We also searched for other z ≳ 5.0 quasars with rest-frame FIR observations in the literature and found 33 more quasars not included in Leipski et al. (2014) (hereafter sample B). The majority of them have been listed in Calura et al. (2014), except for RD J0301+0020 and TN J0924–2201. We collected all available observations on dust continuum, as well as the UV/optical continuum (Bertoldi & Cox 2002; Petric et al. 2003; Wang et al. 2008a, 2011b, 2011c, 2013; Omont et al. 2013; Willott et al. 2013, 2015; Barnett et al. 2015). Because of the lack of constraints on the NIR and MIR bands, we did not make full fits as for the cases in sample-A, but scaled the templates to some specific data points. For the AGN component, considering the potential extinction effect and possible lack of hot dust emission (to be discussed in Section 5), we scale the template to the data point at which yields a maximum AGN luminosity. For the host component, we scale the Haro 11 template to the data point at λrest > 50 μm, which yields a minimum IR luminosity.
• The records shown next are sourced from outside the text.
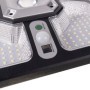 Reflektor, napelem lámpa, 220 SMD LED, 1 COB, PIR szenzor, 3 fénymód, távirányító, elem - Izoxis 22736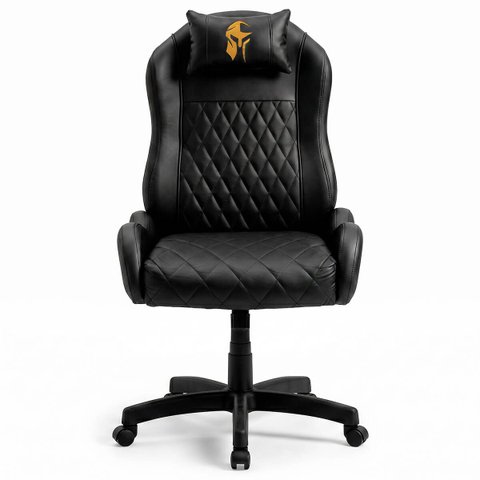 Cadeira Gamer Speed Ergonômica Escritório Home Office Preto e Dourado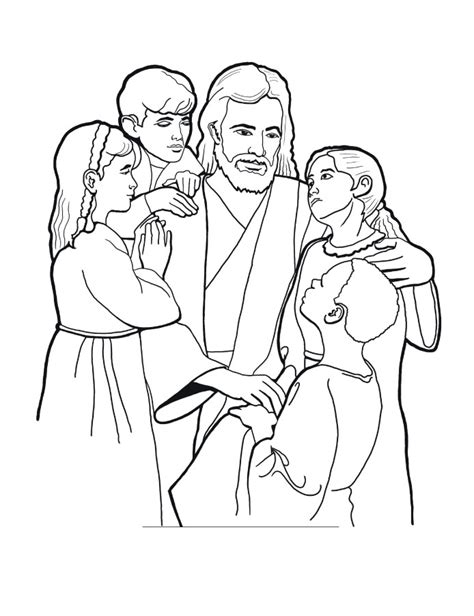 lds jesus christ coloring pages coloring pages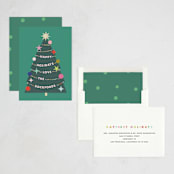 "a very fun tree" - Holiday Cards in Garland by Lori Wemple - Assembled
Then we calculated their total IR luminosities, the fraction of host contribution, and SFRs, as summarized in Table 4. Compared with sample-A, sample-B contains less luminous quasars (mainly contributed by the Canada–France High-z Quasar Survey; see Omont et al. 2013 and references therein) and consists almost entirely of quasars at z > 5.7.
Table 4. SED Decomposition Results for 33 z ≳ 5.0 Quasars (Sample-B)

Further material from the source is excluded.